Look through the entries below and report how many lines hold the string "Stock". Only the number is wanted.

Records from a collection

:::::

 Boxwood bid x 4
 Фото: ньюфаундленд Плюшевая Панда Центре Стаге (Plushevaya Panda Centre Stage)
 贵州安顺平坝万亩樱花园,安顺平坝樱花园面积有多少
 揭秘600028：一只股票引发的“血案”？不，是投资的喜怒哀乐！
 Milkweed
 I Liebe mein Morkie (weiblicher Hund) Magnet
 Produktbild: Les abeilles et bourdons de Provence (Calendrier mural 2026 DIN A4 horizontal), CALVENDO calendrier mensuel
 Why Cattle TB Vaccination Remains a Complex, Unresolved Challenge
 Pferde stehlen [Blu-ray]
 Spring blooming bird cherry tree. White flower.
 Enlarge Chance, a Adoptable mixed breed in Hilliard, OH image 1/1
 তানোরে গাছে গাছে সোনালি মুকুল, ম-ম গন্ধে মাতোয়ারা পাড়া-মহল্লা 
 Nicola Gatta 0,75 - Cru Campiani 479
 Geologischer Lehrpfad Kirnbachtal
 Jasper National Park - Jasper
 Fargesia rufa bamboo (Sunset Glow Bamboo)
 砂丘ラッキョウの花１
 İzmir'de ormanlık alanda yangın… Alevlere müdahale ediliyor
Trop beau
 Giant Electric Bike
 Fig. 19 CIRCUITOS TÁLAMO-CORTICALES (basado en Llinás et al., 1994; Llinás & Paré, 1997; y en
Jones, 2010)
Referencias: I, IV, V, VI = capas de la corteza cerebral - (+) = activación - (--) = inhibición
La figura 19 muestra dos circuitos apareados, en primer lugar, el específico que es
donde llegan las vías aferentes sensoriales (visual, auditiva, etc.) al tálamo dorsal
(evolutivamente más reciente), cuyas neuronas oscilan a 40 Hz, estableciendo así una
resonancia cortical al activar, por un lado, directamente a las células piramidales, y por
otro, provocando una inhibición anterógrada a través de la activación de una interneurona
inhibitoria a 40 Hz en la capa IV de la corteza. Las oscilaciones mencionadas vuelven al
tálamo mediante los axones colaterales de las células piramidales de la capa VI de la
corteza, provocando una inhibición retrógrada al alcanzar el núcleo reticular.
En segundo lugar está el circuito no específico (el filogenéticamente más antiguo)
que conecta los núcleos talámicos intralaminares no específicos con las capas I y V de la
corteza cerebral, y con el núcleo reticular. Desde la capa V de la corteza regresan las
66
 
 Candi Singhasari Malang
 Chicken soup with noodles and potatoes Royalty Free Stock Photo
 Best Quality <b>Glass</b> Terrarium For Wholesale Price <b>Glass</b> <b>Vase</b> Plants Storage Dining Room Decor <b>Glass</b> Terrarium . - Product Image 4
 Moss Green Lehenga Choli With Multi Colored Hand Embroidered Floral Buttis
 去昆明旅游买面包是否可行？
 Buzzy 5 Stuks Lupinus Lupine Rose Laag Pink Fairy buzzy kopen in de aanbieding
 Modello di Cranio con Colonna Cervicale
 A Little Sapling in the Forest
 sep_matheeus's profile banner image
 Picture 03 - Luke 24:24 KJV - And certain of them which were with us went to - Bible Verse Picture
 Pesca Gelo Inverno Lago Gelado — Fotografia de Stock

:::::

_RESPONSE FOR THIS EXERCISE:_ 2